道々の枝折

好奇心の趣くままに、見たこと・聞いたこと・思ったこと・為たこと、そして考えたこと・・・

始めあるもの終りあり

2021年03月07日 | 人文考察

始めあるもの終りあり。
生者必滅会者定離のこの世にあって、我が身一統だけは弥栄に恵まれると信じて暮らしているのは、相当想像力の欠けた楽観的な人間か増上慢な人物と見てよいだろう。滅する以前に終止を悟ることができない人たちは、予想以上に多い。

省察と見切りの悪さに因るものだろうが、自ら気づけない。特に権威や権力のある人たちに観察される特徴である。それほどに、権威・権力の座は居心地が好く、恍惚感に包まれ、当人に覚醒を促さないものであるらしい。まさに裸の王様の図である。

人は能力限界をパスオーバーしてしまえば、それまでの人生で築いた実績や栄光は、時の彼方に消え失せる。いつも新たに何かを生み出していなければ、存在を証明できない。そうでないと、過去にしがみつくしかない。

人生を山道に喩えるなら、喘ぎ喘ぎ登って到達した山の頂で道が途切れ、その先は断崖絶壁になっているのが、現実というものである。頂の先は百花彩る広闊な高原を想像していたのだが・・・それは夢想というものである。

西洋では権力の座を下りたら、潔く只の人になる。ならないとギロチンが待っているのかもしれない。そのようなシステムに社会がなっている。それが彼の地の文化的伝統だろう。

大統領でも普通の人に戻り、悠々自適、回想録など書き、権力と責任のない自由を愉しむ。権力から距離を置いて初めて訪れる境地であろう。現行権力と関わりを断ち、只の人に戻ったことをむしろ愉しむ。終わりの迎え方が潔い。実は多様な価値のある人には、滅する前にまた新たな始めが萌え出て来るのである。

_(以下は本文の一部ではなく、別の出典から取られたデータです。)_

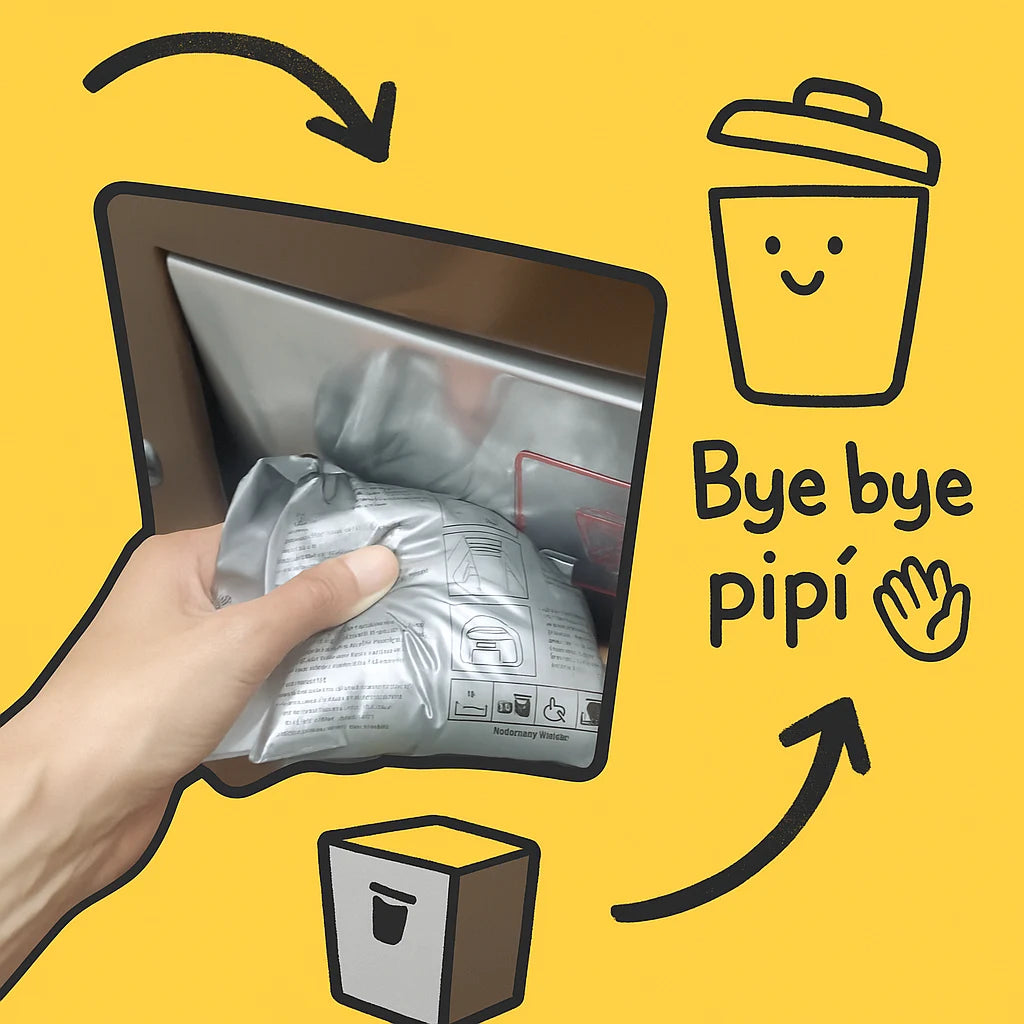 PlanPee – Bolsa urinaria portátil y desechable para conciertos, festivales y viajes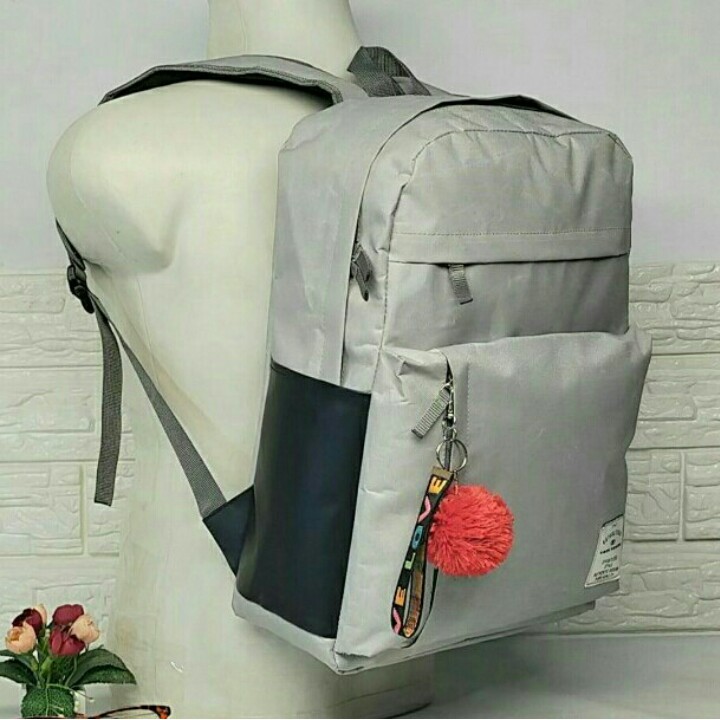 TAS RANSEL SEKOLAH WANITA dan PRIA TAS PUNGGUNG/BACKPACK ANAK REMAJA CRV 004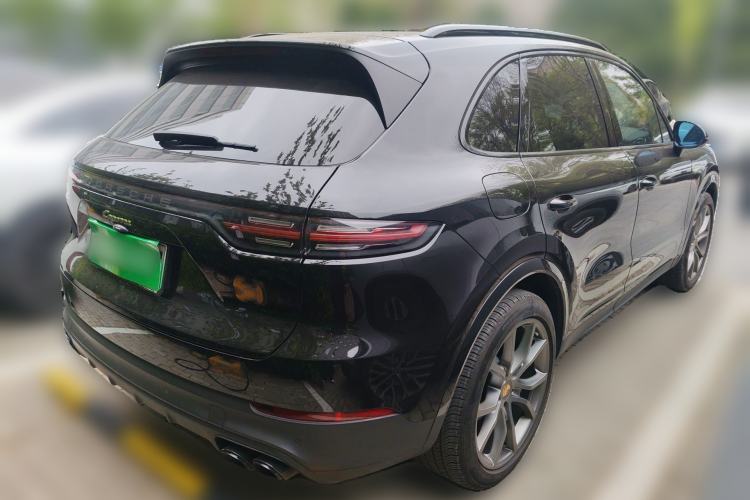 Used Porsche Cayenne E-Hybrid 2023 Cayenne E-Hybrid 2.0T Platinum Edition Rear Right 45 Deg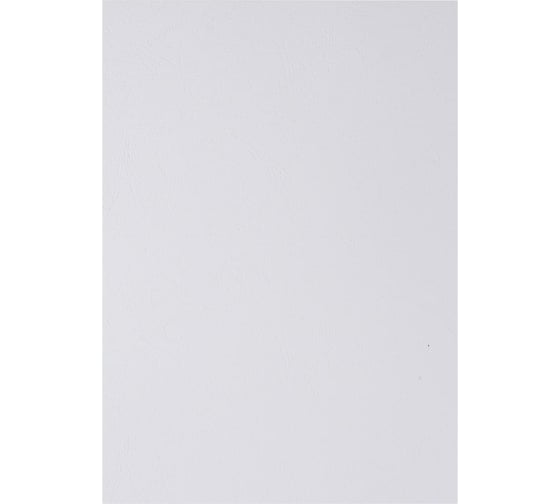 Изображение товара Картонные обложки для переплета ProMega office А4 230 гкв.м белые текстура кожа, 100 шт в упаковке 254600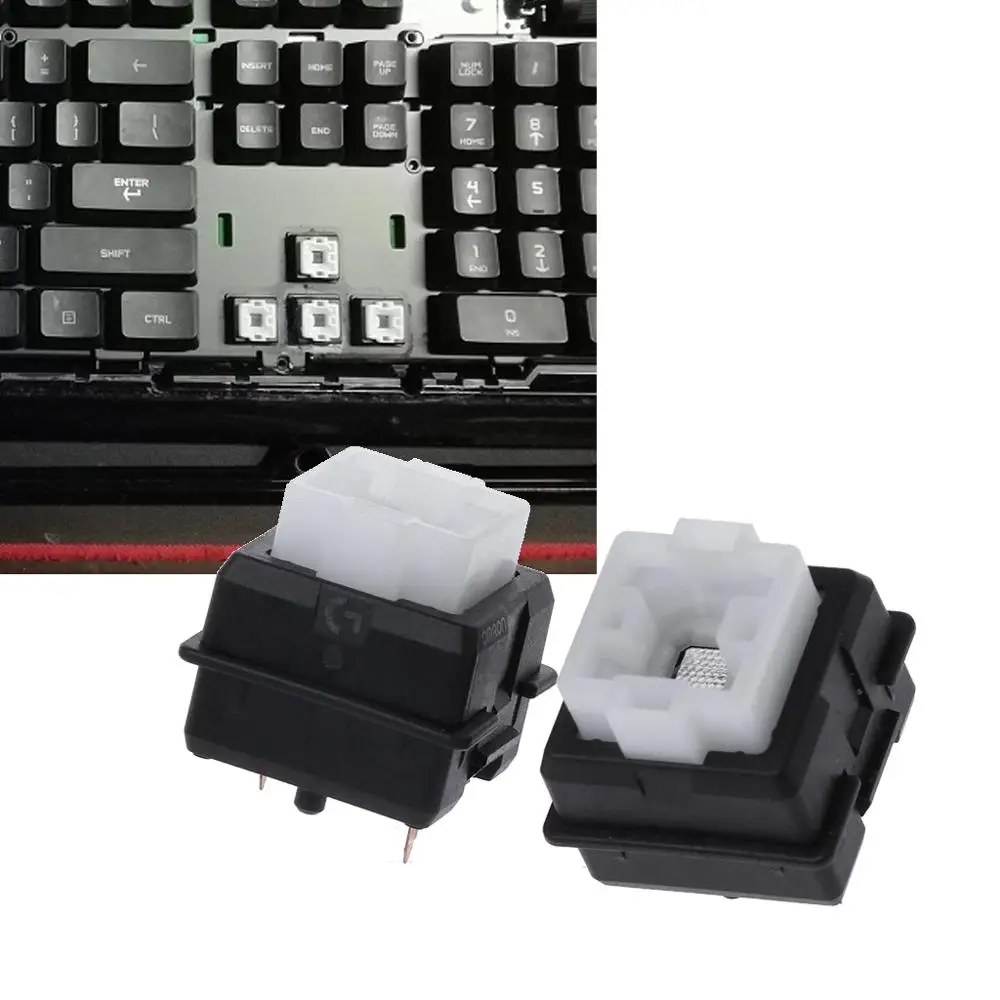 2 шт. оригинальный Romer-G Переключатель Omron Axis для Logitech G910 G810 G413 K840 RGB клавиатура Switch |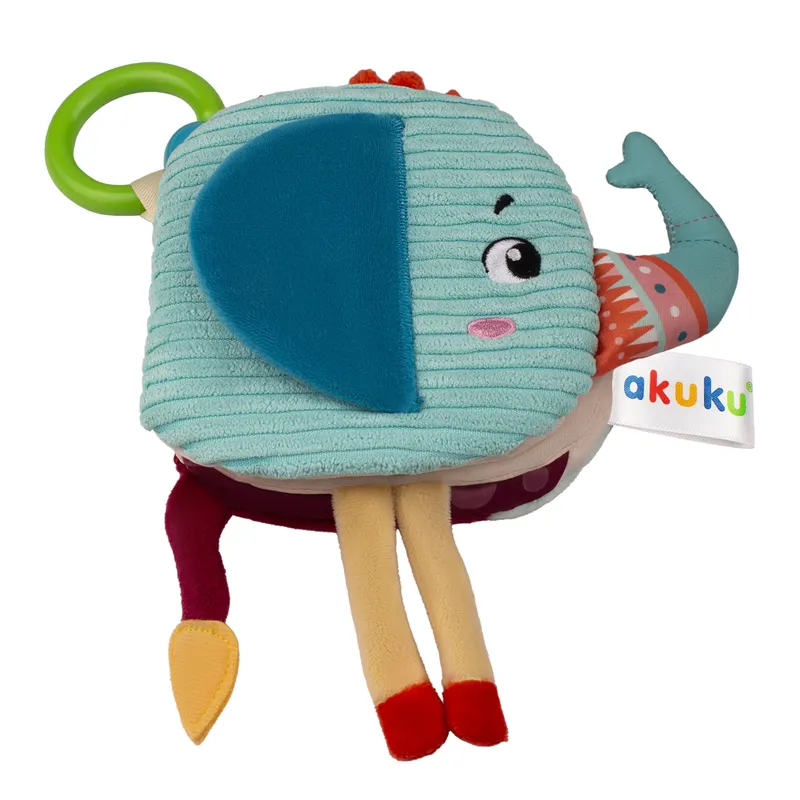 AKUKU A0672 Książeczka Sensoryczna Słonik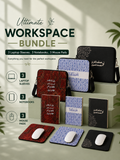 Ultimate Workspace Bundle | 3 Laptop Sleeves + 3 Notebooks + 3 Mouse Pads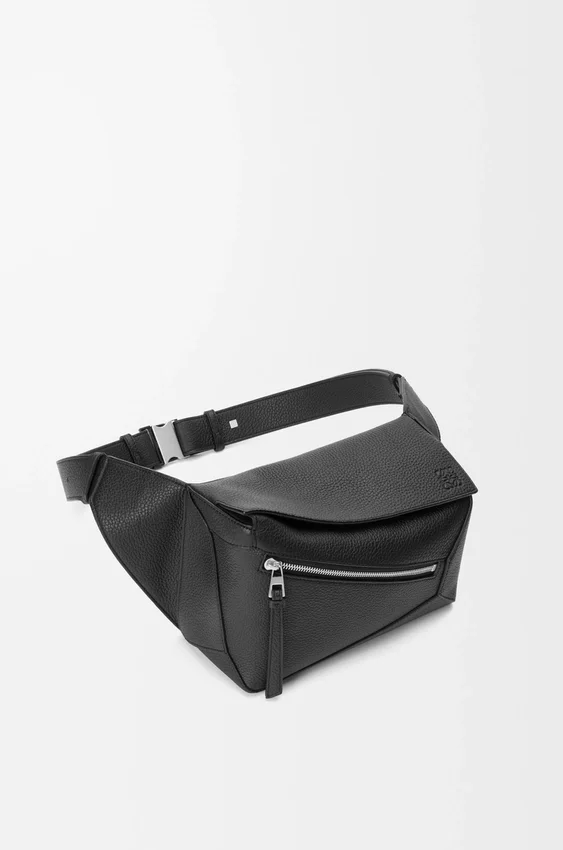 Kleine Puzzle Bumbag van generfd kalfsleer Kleine Puzzle Bumbag van generfd kalfsleer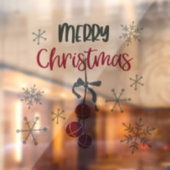 Autocollant Pour Fenêtre Fenêtre de Noël ou Clou murale (Feuille 2)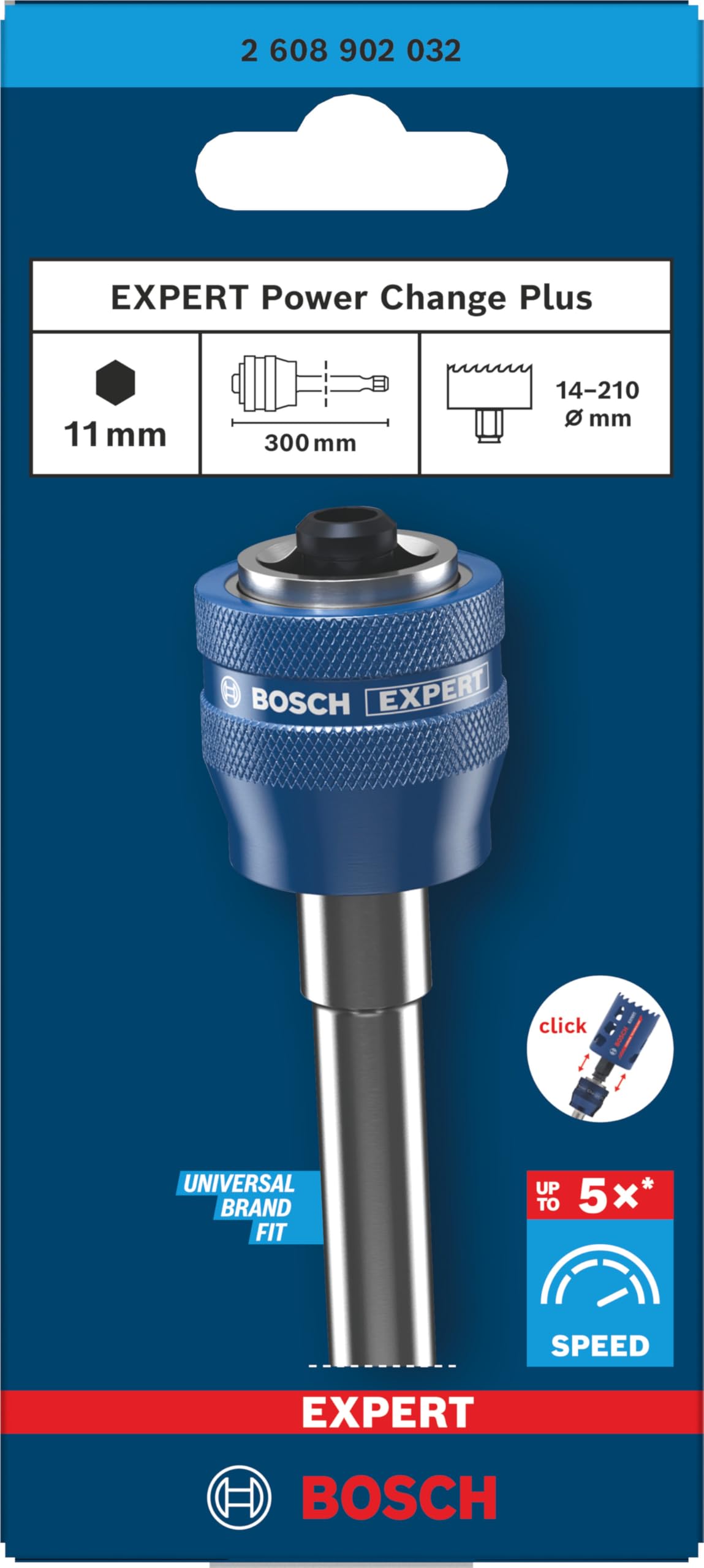 Bosch 1x Extensión Eje Sierra Corona EXPERT Power Change plus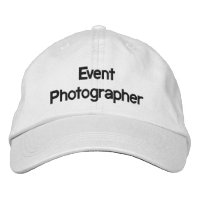 Event Fotografe geborduurd Pet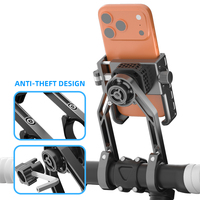China Menyediakan ODIER Universal Bicycle 1s Lock & Release Handlebar 2-in-1 Aluminium Alloy Anti-shock Bike Mobile Phone Holder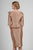 Daymor Couture - Two-Piece Satin Cocktail Dress 409 in Brown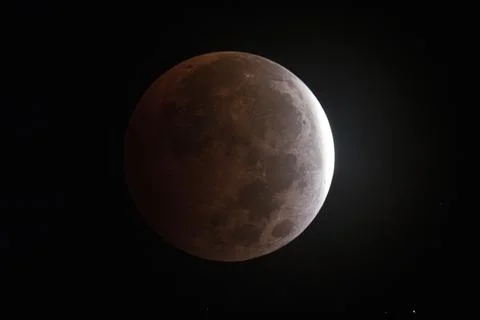 Lunar Eclipse 2021 Stock Photos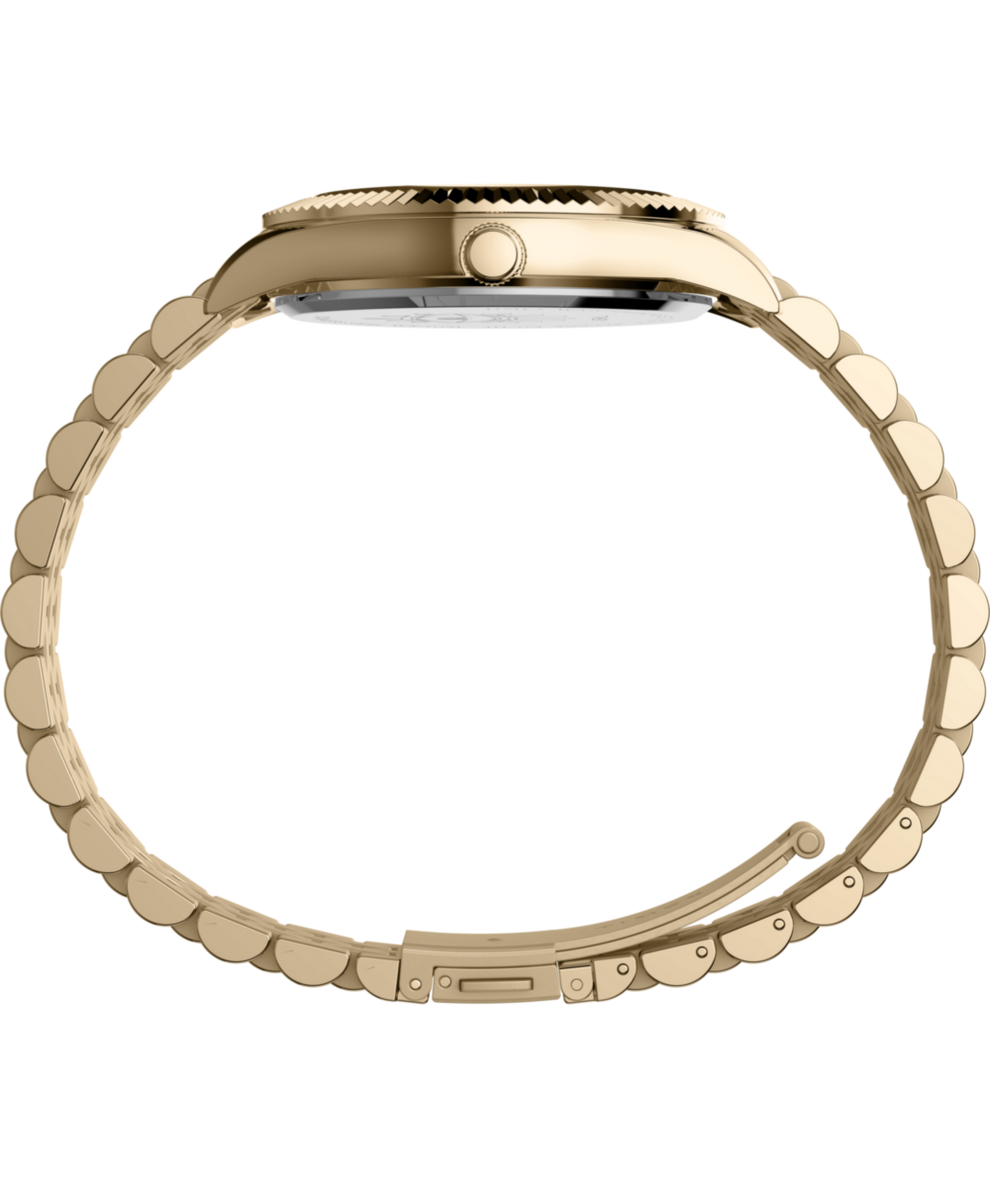 TW2V95000 Timex x Jacquie Aiche High Life 41mm Stainless Steel Bracelet Watch Profile Image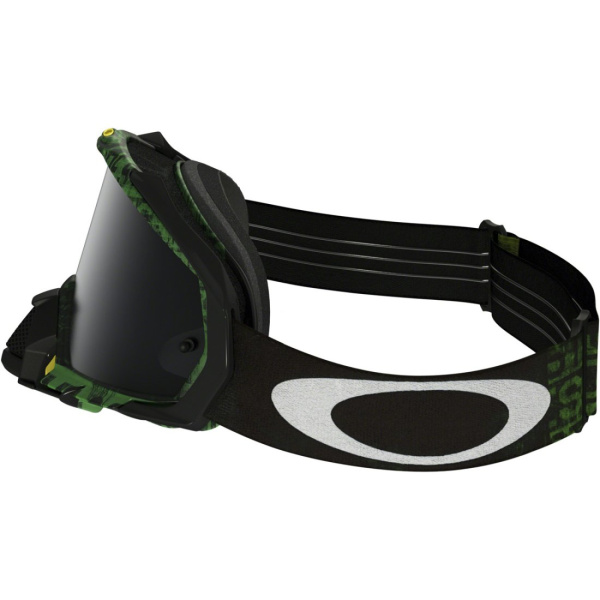 Oakley Mayhem Pro Distress мотоочки, зелено-черный, темно-серая линза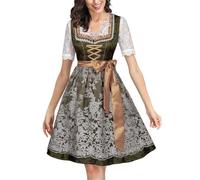 Robe Dirndl Set Folklorique Bavière Oktoberfest Costume Serveuse D'Octobre Carnaval Vêtements de la fête bière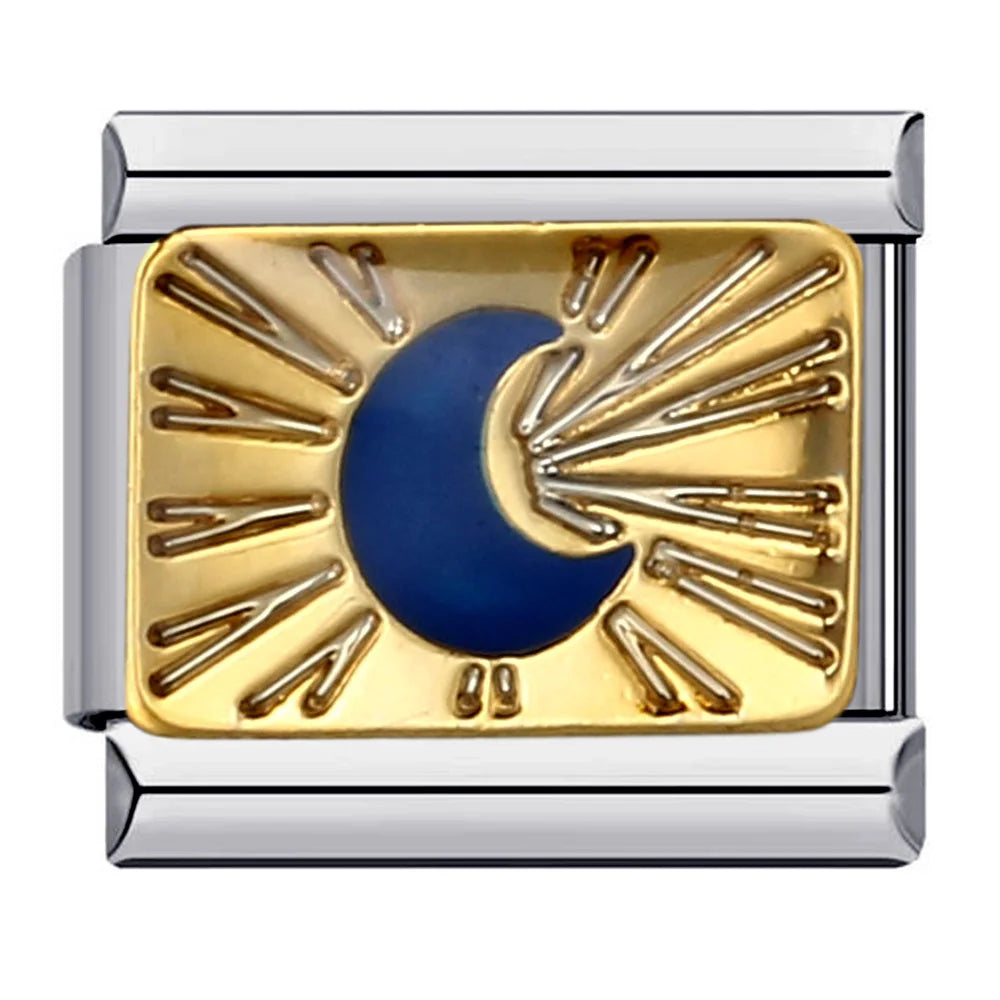 Star Moon Sun Italian Charm 172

哲学発祥の地の裔、アメリカ人やヨーロッパ人は、ともすれば観念の世界に陥りがちな中国人や我々よりも、人間と社会の本質をより詳しく知っているようだ。彼らは、日本のように、江戸の昔なら年寄・大人と呼んだ執行権のない相談役とか顧問とか、形ばかりの実権のない(=責任のない)役職で権力の末席に残ることをしない。前職が何らかの形で現行権力に影響を残すのは、私たち社会に固有のものだろうか?どう見ても権力に執着しているとしか思えない。

人間のつくった団体や組織は、生体と同様老化を免れない。常にその組織の機能の更新が行われているならさほど問題はないが、更新が間遠になれば、組織は機能が劣化する。このような団体は、当初はどれほど固い絆で結ばれていようとも、必ず紐帯が解け内部から崩壊が始まる。自壊作用というものである。そしてまた新たな始めがある。人は須く「始めあるもの終わりあり」である。
終わったら、新たな始まりを愉しむべきである。